Survey: Remote patient monitoring shifting from point solution to disease-specific, patient engagement

"Longterm, hospitals want patients to take a more participatory role and they see remote monitoring as having great potential to manage their health beyond the four walls of the hospital setting," Spyglass Consulting Group Managing Director Gregg Malkary said.

With a shift to fee-for-performance payment models on the horizon, healthcare facilities are getting more interested in evaluating and adopting remote patient monitoring platforms. They have a particular interest in its potential to help hospitals work with patients to better manage chronic conditions in the context of a population health strategy.

About 66 percent of healthcare organizations have deployed remote patient monitoring programs, according to a survey by Spyglass Consulting Group. That’s a substantial increase over 2013, when it first produced a report on this topic. It speaks to the interest by hospitals in developing a better understanding of their patients health between appointments and identifying deteriorating conditions earlier.

Spyglass interviewed 100 healthcare organizations for the survey, including multi-hospital delivery systems, standalone community hospitals, ambulatory environments, home health agencies, and government organizations.

More than 80 percent of the surveyed providers that had deployed remote monitoring had used mobile devices, primarily tablets, to support chronically ill patients recently discharged from the hospital. The breakdown was:

  • Congenital heart failure: 96 percent
  • COPD:                                 82 percent
  • Diabetes:                            71 percent
  • Hypertension:                  49 percent

In an interview, Spyglass Consulting Group Managing Director Gregg Malkary said: “A few organizations we have talked to have well-defined population health initiatives but many are struggling to define population health strategies. They are trying to figure our the right infrastructure.”
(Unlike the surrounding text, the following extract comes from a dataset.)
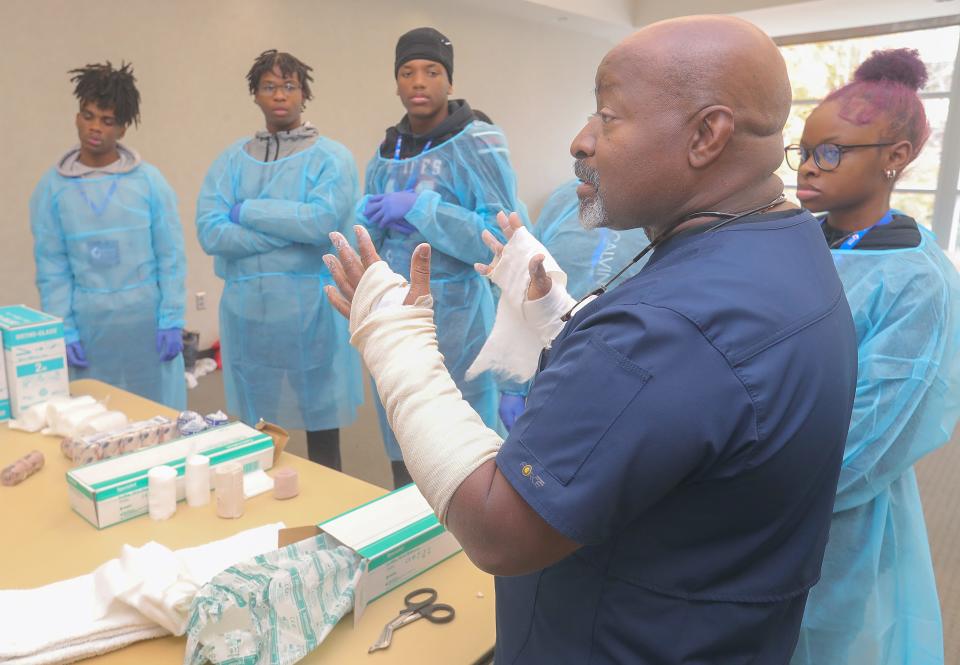 Dr. Gregory Hill, an orthopedic surgeon with Unity Health Network and chairman of the department of surgery at Western Reserve Hospital, demonstrates how to cast a broken bone to Buchtel high school students during the Black Men in White Coats Summit at the University of Akron.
He added: “The technology still needs to evolve. Remote monitoring is becoming a larger element of patient engagement. Longterm, hospitals want patients to take a more participatory role and they see remote monitoring as having great potential to help manage their health beyond the four walls of the hospital setting.”

Other survey findings Malkary shared include:

  • Wearables have generated interest from hospitals and they have them on their radar, but there’s also a tremendous amount of hype and no one knows how many chronically ill patients are using them. Some have taken issue with the variability of the sensors behind most activity trackers and the challenge of identifying who is using the device. But hospitals want to see trend lines — that’s the most important rationale for using these devices.
  • Hospitals view remote monitoring as one of several data streams to support a larger analytics strategy.
  • Hospitals and health systems are providing remote monitoring devices (eg, tablets) to patients in trials small enough to manage them. They are incrementally increasing the size of these programs.
  • Hospitals’ use of remote patient monitoring is still in the early stages. The imperative is for organizations to get on the bandwagon and see what the opportunities are.